Embedding layer


Embedding class


Turns positive integers (indexes) into dense vectors of fixed size.

e.g. [[4], [20]] -> [[0.25, 0.1], [0.6, -0.2]]

This layer can only be used on positive integer inputs of a fixed range.


>>> model = keras.Sequential()
>>> model.add(keras.layers.Embedding(1000, 64))
>>> # The model will take as input an integer matrix of size (batch,
>>> # input_length), and the largest integer (i.e. word index) in the input
>>> # should be no larger than 999 (vocabulary size).
>>> # Now model.output_shape is (None, 10, 64), where `None` is the batch
>>> # dimension.
>>> input_array = np.random.randint(1000, size=(32, 10))
>>> model.compile('rmsprop', 'mse')
>>> output_array = model.predict(input_array)
>>> print(output_array.shape)
(32, 10, 64)


  • input_dim: Integer. Size of the vocabulary, i.e. maximum integer index + 1.
  • output_dim: Integer. Dimension of the dense embedding.
  • embeddings_initializer: Initializer for the embeddings matrix (see keras.initializers).
  • embeddings_regularizer: Regularizer function applied to the embeddings matrix (see keras.regularizers).
  • embeddings_constraint: Constraint function applied to the embeddings matrix (see keras.constraints).
  • mask_zero: Boolean, whether or not the input value 0 is a special "padding" value that should be masked out. This is useful when using recurrent layers which may take variable length input. If this is True, then all subsequent layers in the model need to support masking or an exception will be raised. If mask_zero is set to True, as a consequence, index 0 cannot be used in the vocabulary (input_dim should equal size of vocabulary + 1).
  • weights: Optional floating-point matrix of size (input_dim, output_dim).
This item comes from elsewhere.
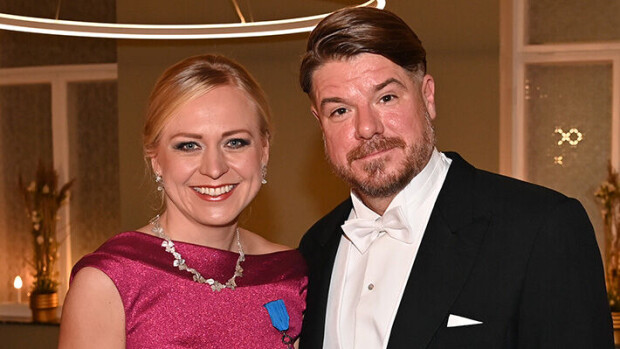 Suloinen lomakuva! Jussi Heikelä ja Elina Valtonen yhdessä Etelä-Afrikassa Jussi Heikelä ja Elina Valtonen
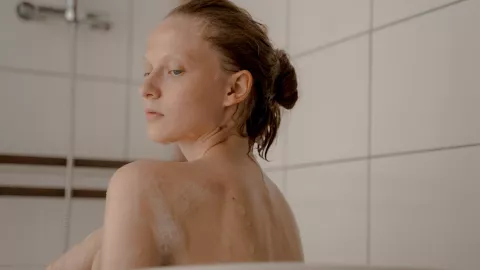 ¿Qué parte del cuerpo se lava primero al bañarse? Esto dicen los los dermatólogos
The initial embeddings values to use.
  • lora_rank: Optional integer. If set, the layer's forward pass will implement LoRA (Low-Rank Adaptation) with the provided rank. LoRA sets the layer's embeddings matrix to non-trainable and replaces it with a delta over the original matrix, obtained via multiplying two lower-rank trainable matrices. This can be useful to reduce the computation cost of fine-tuning large embedding layers. You can also enable LoRA on an existing Embedding layer by calling layer.enable_lora(rank).

Input shape

2D tensor with shape: (batch_size, input_length).

Output shape

3D tensor with shape: (batch_size, input_length, output_dim).